MATERIAL FOR THE TASK:
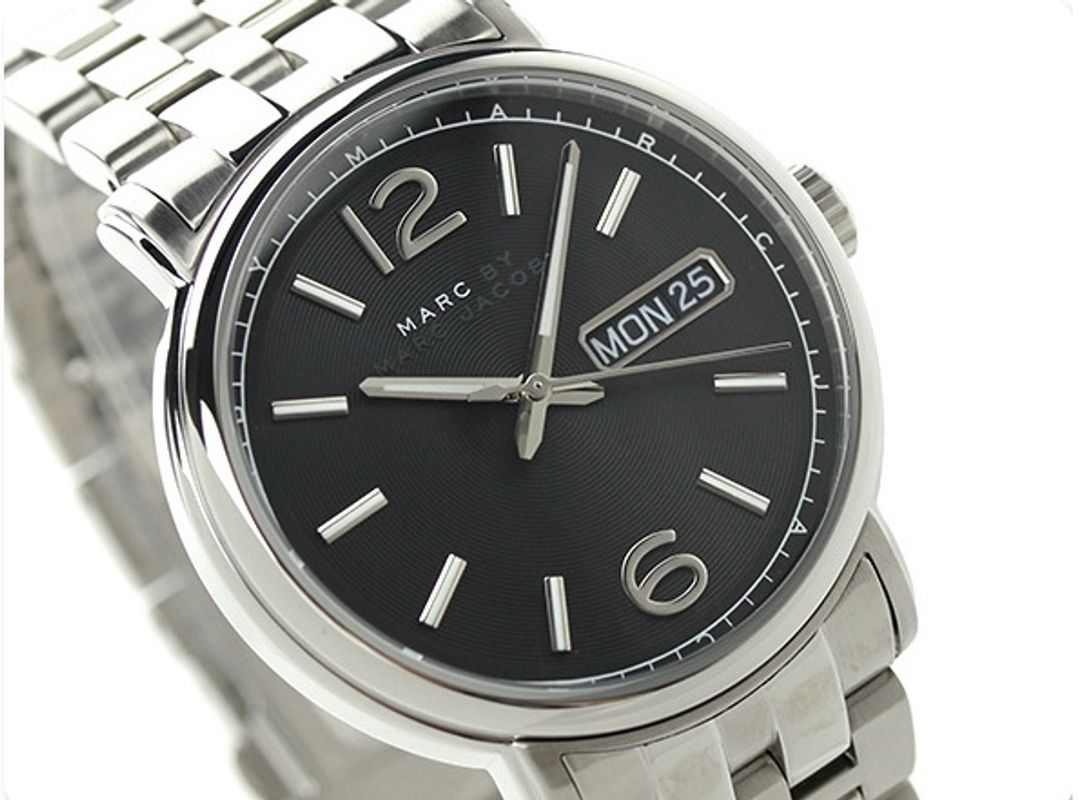  Shop Authentic Marc Jacobs Fergus Black Dial Silver Steel Strap Watch for Men - MBM5075 - Luxxuri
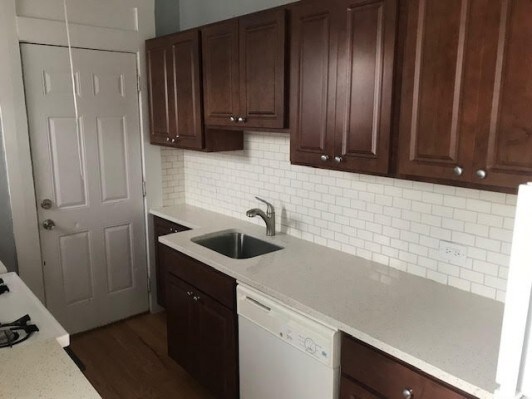 Foto principal - 1755 W Albion Ave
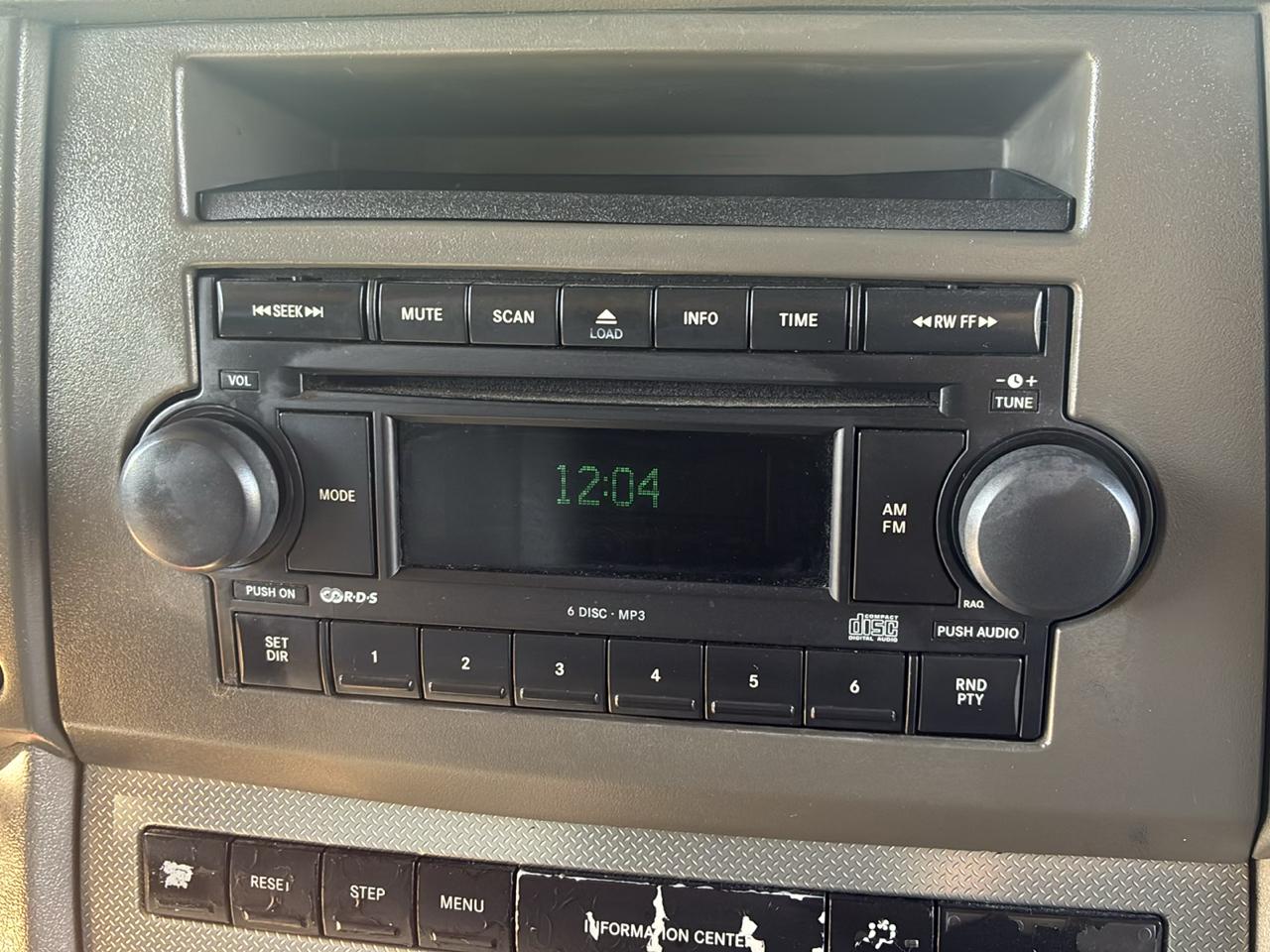 Jeep Commander 2WD 2006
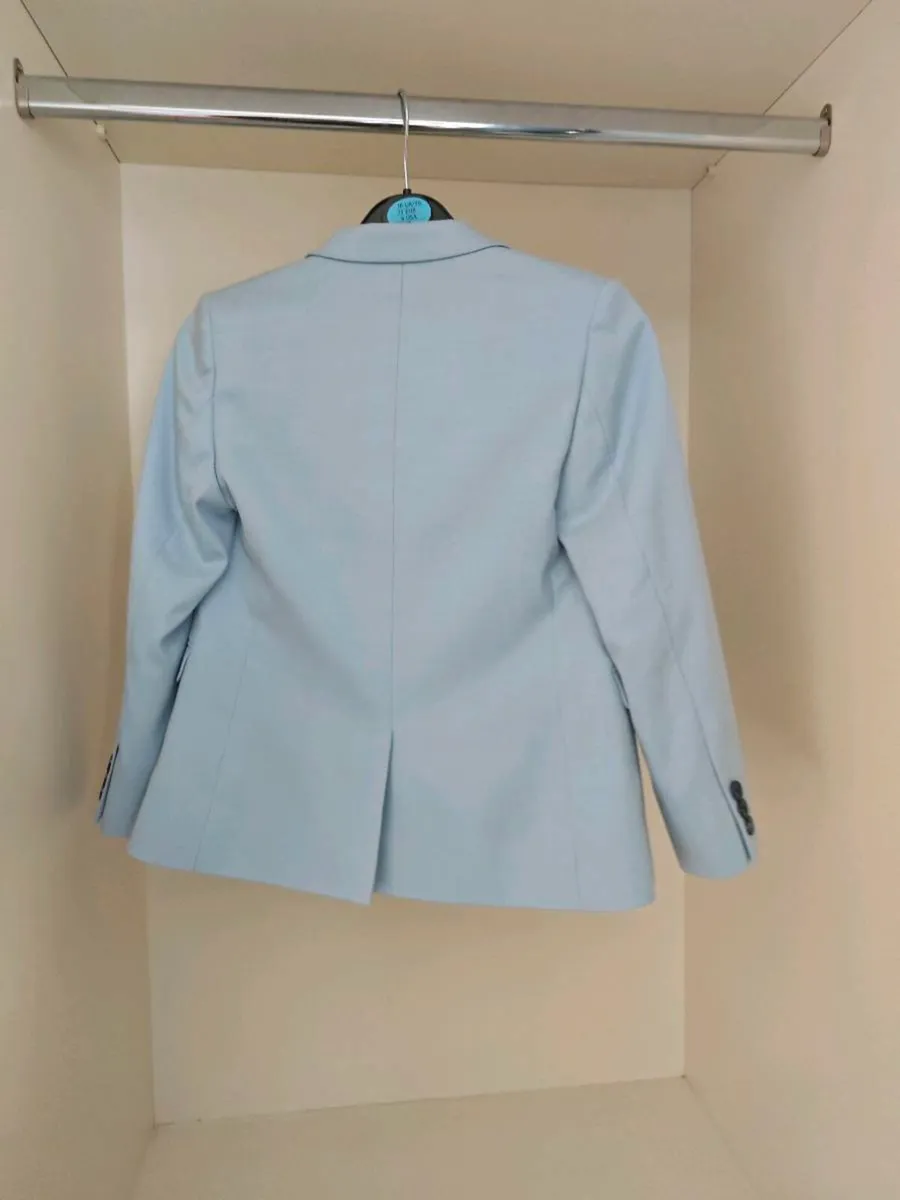 Boys Communion outfit - Image 4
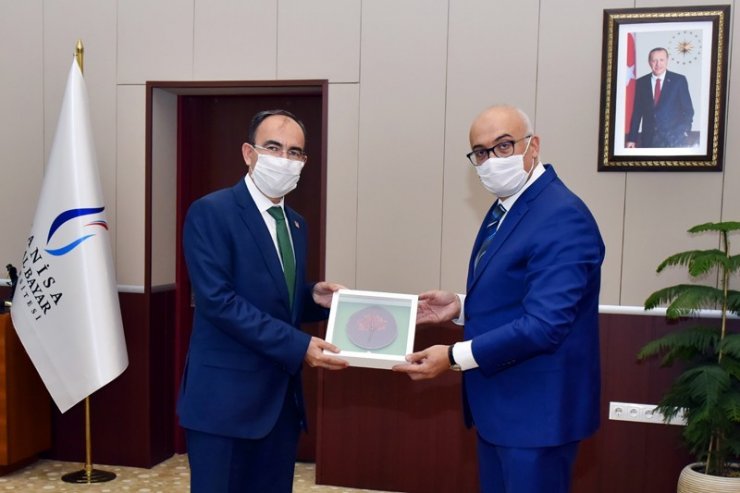 Rektör Beydemir’den Celal Bayar Üniversitesine ziyaret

PROMPT: Leaving out every picture, transcribe exactly the lines from the line that contains "Jeep Commander 2WD 2006" through the final line of the entries above.

SOLUTION TO THIS TASK:
 Jeep Commander 2WD 2006
 Boys Communion outfit - Image 4
 Rektör Beydemir’den Celal Bayar Üniversitesine ziyaret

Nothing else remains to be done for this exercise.